_Recorded information:_
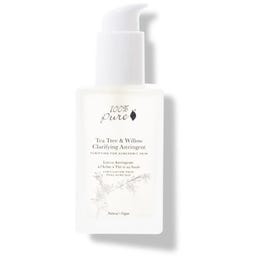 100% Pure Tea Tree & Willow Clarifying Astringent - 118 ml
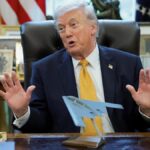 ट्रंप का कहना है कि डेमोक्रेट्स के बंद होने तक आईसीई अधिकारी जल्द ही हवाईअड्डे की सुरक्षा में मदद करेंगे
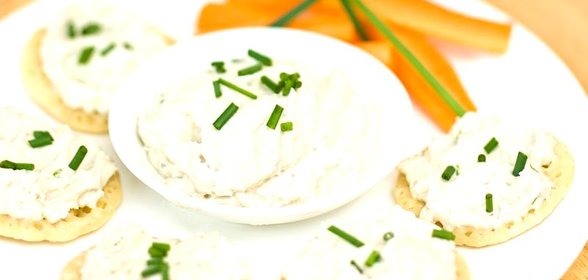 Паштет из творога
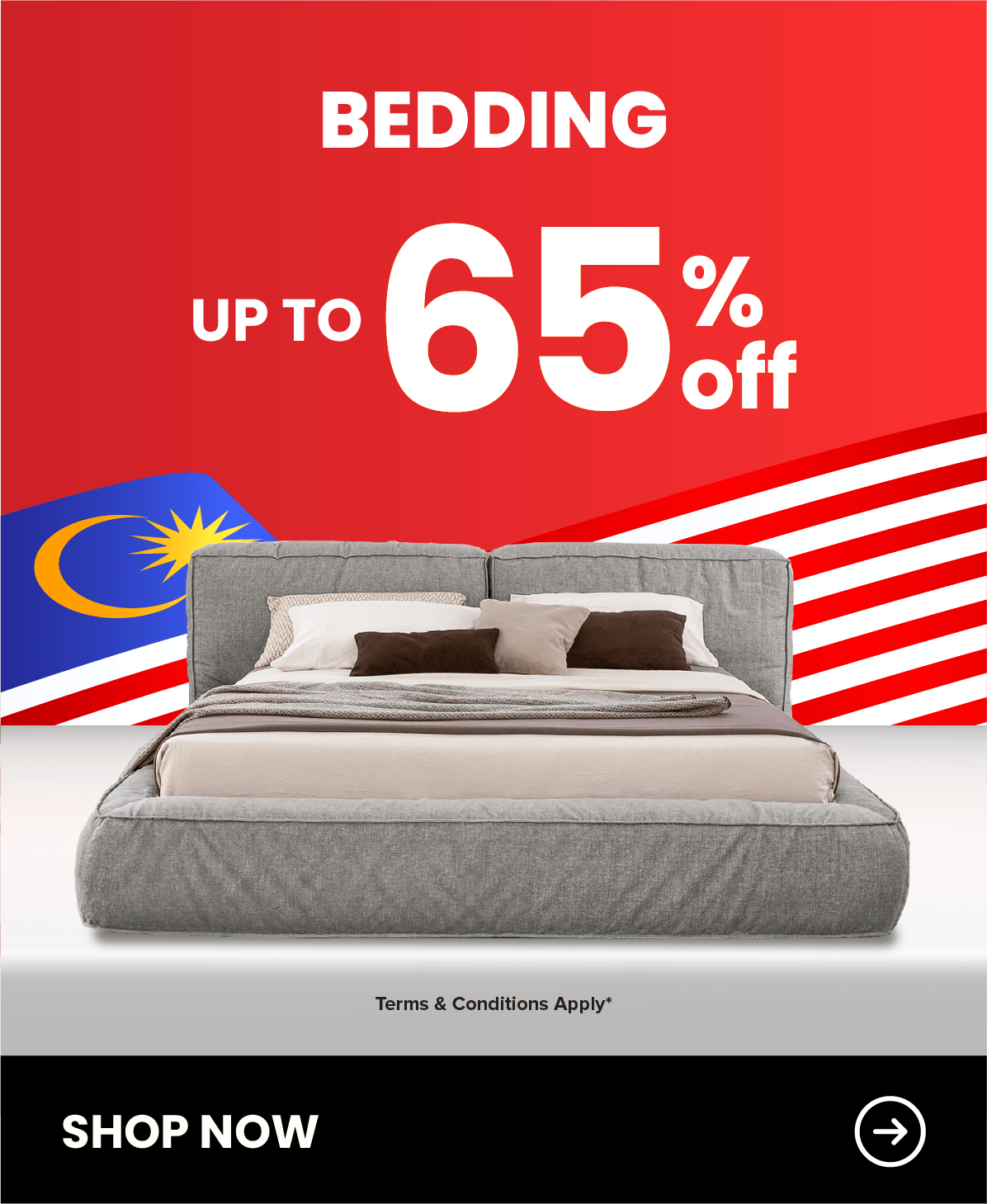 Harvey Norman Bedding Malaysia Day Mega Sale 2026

_Problem to solve:_ The data must be reproduced exactly, and no picture may appear in the copy.

_Written response:_
 100% Pure Tea Tree & Willow Clarifying Astringent - 118 ml
 ट्रंप का कहना है कि डेमोक्रेट्स के बंद होने तक आईसीई अधिकारी जल्द ही हवाईअड्डे की सुरक्षा में मदद करेंगे
 Паштет из творога
 Harvey Norman Bedding Malaysia Day Mega Sale 2026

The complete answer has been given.